The remaining items are premised on you doing some data analysis yourself.
In this exercise, you will using data of your choosing to fit models for an ordered outcome and interpret estimates from them. You will need:
[3]Fit an ordinary least squares regression model of your outcome with your key explanatory variable and covariates, and then fit an ordered probit model for the same set of explanatory variables. Paste your output into your assignment.
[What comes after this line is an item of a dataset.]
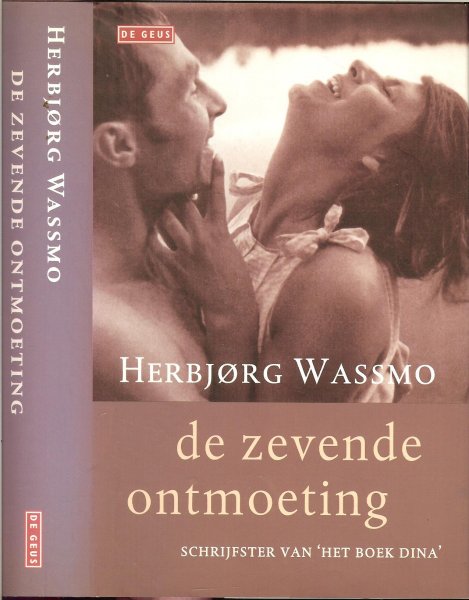 Wassmo, Herbjorg .. Uit het Noors vertaald door Paula Stevens - De zevende Ontmoeting .. Een liefdes roman Dat ook En heel veel meer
Then, in 1-3 sentences, characterize how the results of the OLS and ordered probit model seem to differ from one another in terms of the direction and relative magnitude of the coefficients (that is, their difference from one another) and their \(p\)-values.
[2]Using your ordered probit results, compute and interpret the \(y\)-standardized coefficient for your key explanatory variable [\(\texttt{listcoef}\)].
[1]Fit an ordered logit model of your outcome, using your explanatory variables. Paste your output into your assignment. Compute and interpret the odds ratio for your key explanatory variable.
[2]Using your ordered logit results, for a binary or categorical explanatory variable, compute and interpret the average discrete change in the predicted probabilities of the outcome categories.
[3]Using \(\texttt{margins}\), compute the predicted probabilities of at least one outcome for two substantively meaningful values (hypothetical cases) of your data. In 2-3 sentences, interpret your results contrasting these hypothetical cases.
[4]Create an attractive graph that shows how the cumulative probabilities change as the continuous explanatory variable changes. The graph should have appropriately labeled axes, a legend, a title, and whatever else is needed so that I could tape your graph to the door of my office and passing sociologists would be able to apprehend the gist of it without anyone having to explain it to them.
[2]Compute a brant test of whether the parallel regressions assumption holds for your model. If it is violated, describe how it is violated and how severe the violation looks to you substantively.